孔洞对双晶TiAl合金断裂行为影响的声发射响应

本文基于分子动力学方法,对含孔洞的双晶TiAl合金试样进行了单轴拉伸模拟,在纳米尺度下研究了材料变形和断裂过程中的缺陷演化行为及其声发射响应。研究发现：孔洞大小和位置对材料的弹性模量影响较小,屈服强度随孔洞尺寸的增大而降低；进入塑性变形后,孪晶界对孔洞边缘连续发射的位错有阻碍作用,使晶体强度增加；达到屈服应力时,含晶界孔洞的试样更容易产生稳定的位错结构,阻碍其他位错运动,从而提高了晶体强度；通过对拉伸过程中的声发射信号进行分析,发现声发射信号主要来源于晶格振动,并且具有较大的功率值范围和较低的中值频率；位错滑移的声发射信号表现出宽频域的特点,位错增殖和位错塞积的声发射信号表现出低功率的特点；裂纹扩展的声发射信号属于突发型信号,表现为高频率、高功率的特征。

Acoustic Emission Response on Effect of Voids on Fracture Behavior of Bicrystal TiAl Alloy

Based on the molecular dynamics method, the uniaxial tensile simulation of the bicrystal TiAl alloy containing voids is performed. The evolution behavior of defects and acoustic emission(AE) response on the deformation TiAl alloy and fracture of the TiAl alloy are studied at nanometer scale. The results show that the size and location of the voids have little influence on the elastic modulus of the TiAl alloy and the yield strength decreases with the increase of the void size. After plastic deformation, twin boundary can block dislocation emitted continuously at the edge of void, and increase crystal strength. When yield stress is reached, the TiAl alloy with voids at grain boundary is more likely to produce stable dislocation structure, which hinders the movement of other dislocations, thus improving the crystal strength.

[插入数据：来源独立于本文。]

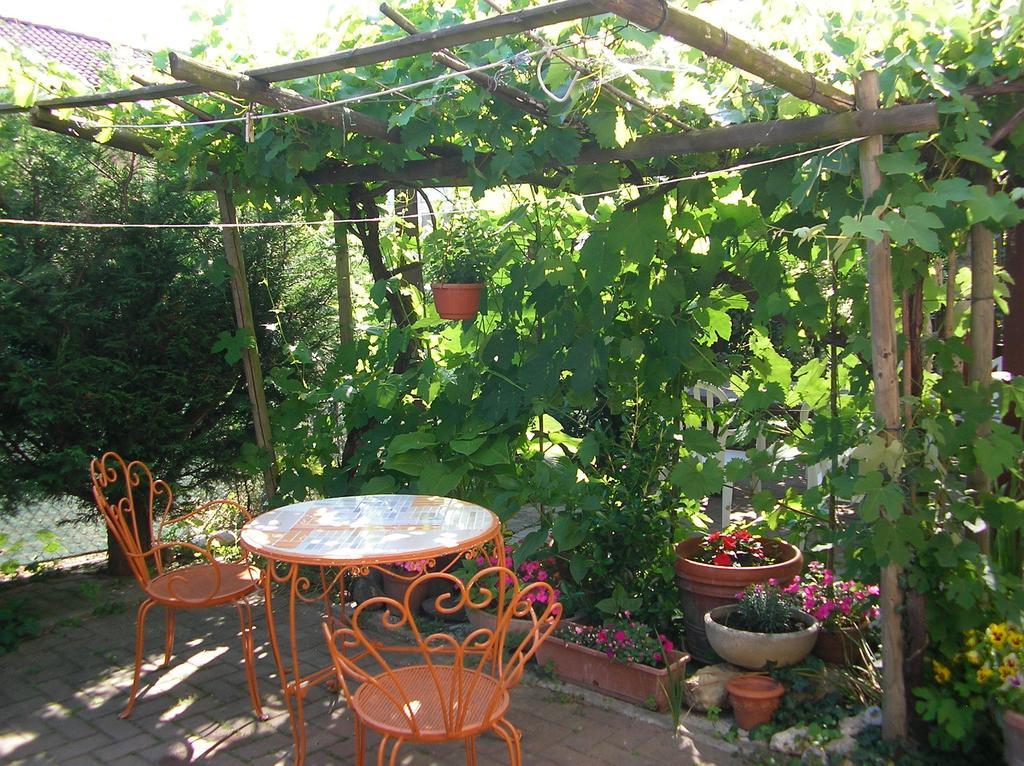 Villa Dei Romaniani Villaromagnano 外观 照片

Through the analysis of the AE signals during the stretching process, it is found that the AE signals mainly come from lattice vibration, and has a large power range and a lower median frequency. The AE signals of dislocation slip reveal the characteristics of wide frequency domain, and the AE signals of dislocation proliferation and dislocation accumulation display the characteristics of low power. The AE signals of crack propagation belongs to the burst signal, which is characterized by high frequency and high power.